Con Sentenza del 9 aprile 2018, n. 15786, la terza Sezione della Cassazione penale torna a pronunciarsi sul tema della responsabilità dell’omissione contributiva nelle imprese, affermando come il reato di omesso versamento delle ritenute previdenziali e assistenziali non possa essere imputato al socio che non partecipa alla gestione dell’impresa, riconoscendosi tale dovere in capo al legale rappresentante della società.
Nel caso, la Suprema Corte rigetta il ricorso proposto dal legale rappresentante di una società – in ispecie società a nome collettivo – avverso la precedente Sentenza della Corte d’appello di Milano che, in conferma di quanto statuito in primo grado, condannava lo stesso per il reato di cui all’articolo 10 del D.Lgs. n. 74/2000, per non aver versato, entro il termine previsto per la presentazione della dichiarazione annuale di sostituto di imposta, ritenute risultanti dalla certificazione rilasciata ai sostituiti.
Nel dettaglio, con la prima doglianza il ricorrente adduce che, pur non essendo normativamente prevista in modo espresso, va inclusa tra le cause di esclusione della colpevolezza, anche al fine di rispettare il principio di personalità del diritto penale ex art. 27 Cost., nonché di assicurare la funzione rieducativa della pena, la non rimproverabilità del fatto all’imputato intesa quale inesigibilità di una condotta diversa, in relazione alle circostanze specifiche della vicenda.
La Corte, tuttavia, rigettando tale motivo, specifica che, secondo costante giurisprudenza, per la configurazione del reato in questione risulta sufficiente la coscienza e volontà di non versare all’Erario le ritenute effettuate nel periodo relativo, ritenendosi che ogniqualvolta il sostituto d’imposta effettui le erogazioni degli emolumenti ai dipendenti, deriva a carico dello stesso l’obbligo di accantonare le somme dovute organizzando le risorse disponibili in modo da potere adempiere all’obbligazione tributaria.
Il reato di omesso versamento delle ritenute previdenziali ed assistenziali, infatti, è a dolo generico, e risulta pertanto integrato dalla consapevole scelta di omettere i versamenti dovuti, ravvisabile anche qualora il datore di lavoro, in presenza di una situazione di difficoltà economica, abbia deciso di dare preferenza al pagamento degli emolumenti ai dipendenti ed alla manutenzione dei mezzi destinati allo svolgimento dell’attività d’impresa.
Diversamente, in accoglimento del secondo motivo di ricorso, viene rinviata la decisione ad altra sezione della Corte di appello per una nuova valutazione circa il trattamento sanzionatorio, in ragione del fatto che la pena per il suddetto reato va quantificata nella misura minima, in considerazione dell’età avanzata del condannato e della creazione negli anni di numerosi posti di lavoro grazie all’attività imprenditoriale svolta dalla società.
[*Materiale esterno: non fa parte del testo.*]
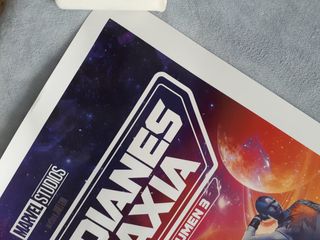 Póster Guardianes Vol.3 98cmx68cm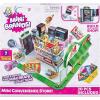 image5 Surprise Mini Brands  Mini Convenience Store Playset by ZURU Series 4 Exclusive and Mystery CollectiblesSeries 3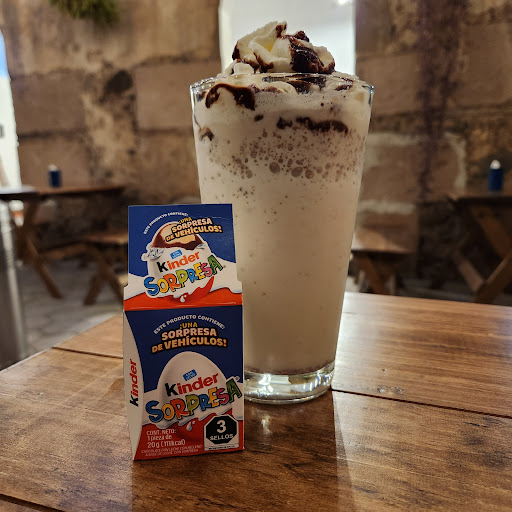 El Nogal Café - Thumbnail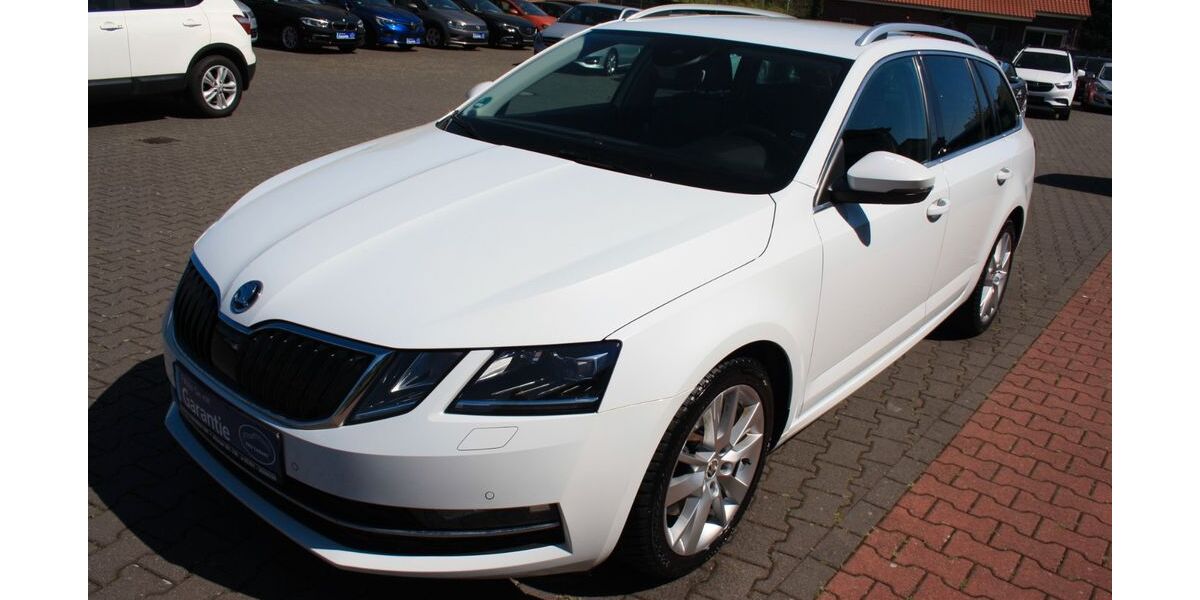 Skoda Octavia 90.000 km 14.980 &euro; Hamm 59073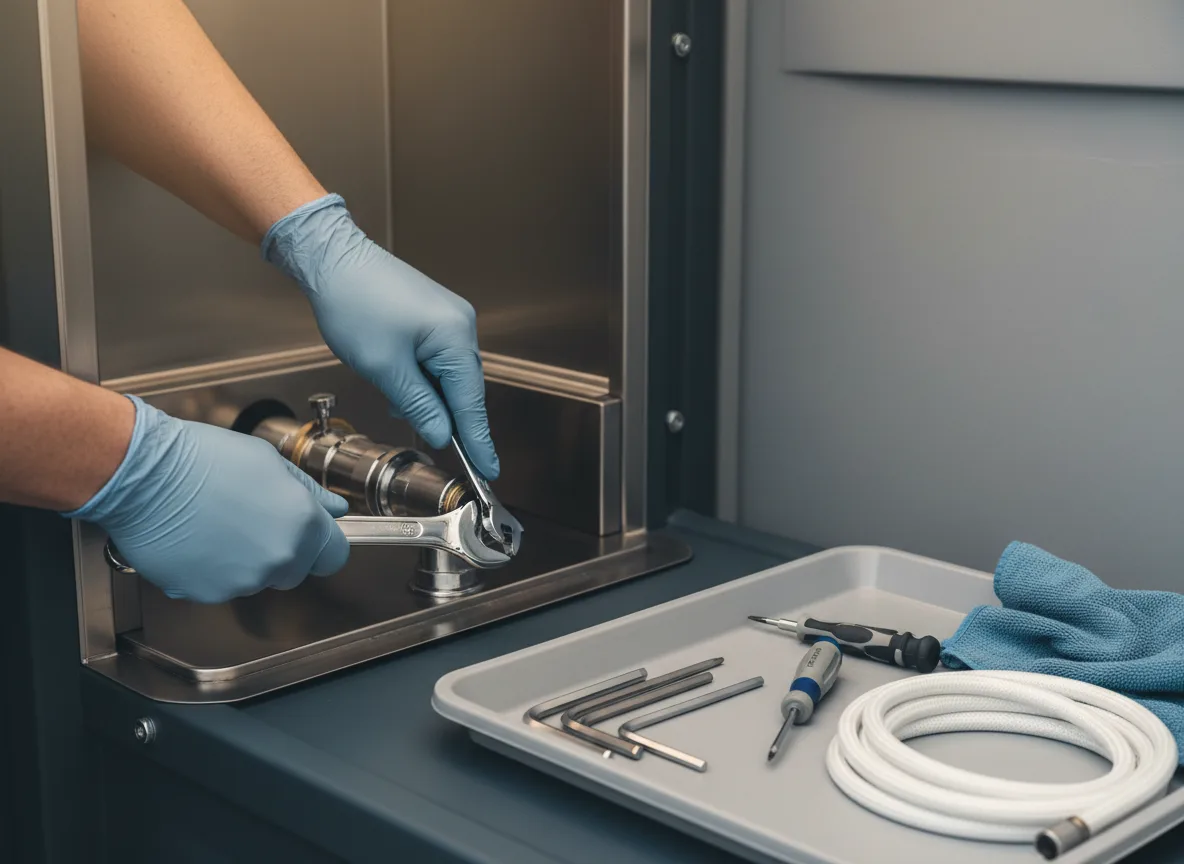 Why choose Portable Toilet Rental in Warm Springs, VA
La pronuncia qui all’esame, dunque, evidenzia come l’obbligo di versare i contributi sia posto in capo al datore di lavoro, ma, nelle imprese collettive, spetti al soggetto che, secondo il tipo e l’organizzazione dell’impresa, ha la responsabilità della stessa o della singola unità produttiva, non assumendo effetto scriminante la circostanza che la designazione sia fittizia.
Ne deriva che, come affermato da costante giurisprudenza (cfr. Corte di cassazione, sezione III penale, sentenza 21 maggio 2013 n. 21695 e Corte di cassazione, sezione III penale, sentenza 7 luglio 2005 n. 24938), nelle società in accomandita semplice tale potere spetta al socio accomandatario al quale è stata conferita l’amministrazione della società e, quindi, la rappresentanza nei rapporti con i terzi.